I mean, words and concepts just show up, fully-formed these days. There’s no evolution of concept … things just go from “non-existent” to “huge cultural cornerstone” in five minutes.

Hang on a sec … gotta go chase some kids off the grass …

The “Maker” thing is not totally tied to 3D printing but it is a part of it. “Maker” is more of a generic term for people who make stuff. What is more unique about it is the social and interconnected nature of “makerspaces” like the one I belong to Ideaworks/

The cool aspect of it is you get people who like lots of nerdy or not so nerdy stuff and they start collaborating.

Our shop covers
woodworking including an 4’x12’CNC Router
machine shop
welding gear
a 14"x20" laser cutter
2 flash forge 3D printers
a CNC plasma cutter (under construction)
a full glassblowing shop
a ceramics and pottery shop
and electronics shop
about a dozen odd computer workstations
several meeting/class rooms
Arduino programming
knitting
sewing
costuming
basic robotics, we run an ongoing sumobot league.

The fusions of skills are what make it so cool. I have learned so much.

Even our public libraries are going this way where they now are more computers than books.

Maker: retroflexively-coined term for everything that is not “reading” or “being online/sitting in front of a screen.”

You know… doing stuff. Making things. Creating. Building.
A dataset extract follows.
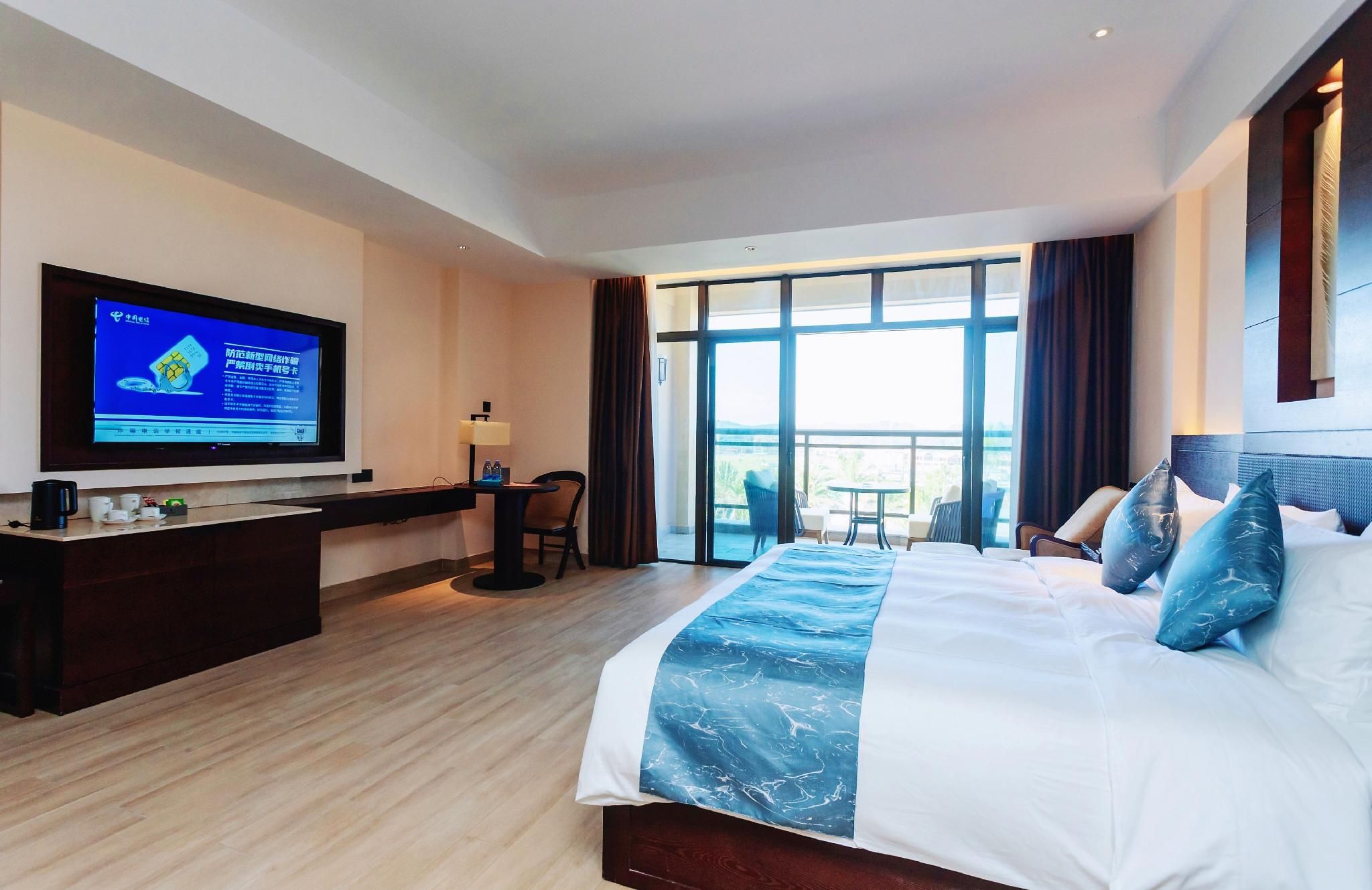 1 King Bed, Deluxe Room, Non-Smoking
Instead of watching a YouTube video about a Wikipedia article about someone who Makes.

I’ve been aware of the Maker movement for a few years, but I didn’t know that Maker spaces were being favored over school libraries. It seems like a valuable environment as an addition to the curriculum, but it shouldn’t encroach on the library.

I could maybe see it if schools were employing unused library space, which I guess could happen if traditional printed material is being purged – I hate the thought of that, but I suppose it’s inevitable. I also hate the thought of getting rid of quiet reading and studying spaces; I spent a lot of my childhood in the spaces hidden by bookshelves and in little cubbies paging through books and magazines.

So … they’re moving everything from the shop, home ec, and computer spaces into what used to be the libraries?

I wouldn’t be surprised at this trend. I taught at a military prep school that got rid of its library over 16 years ago back in 2000. At the time, I was shocked.

There’s a little bit of difference between what the schools are doing, and what public libraries are doing on behalf of community users. What public libraries are expanding into didn’t really have any predecessor except maybe crafting groups and clubs.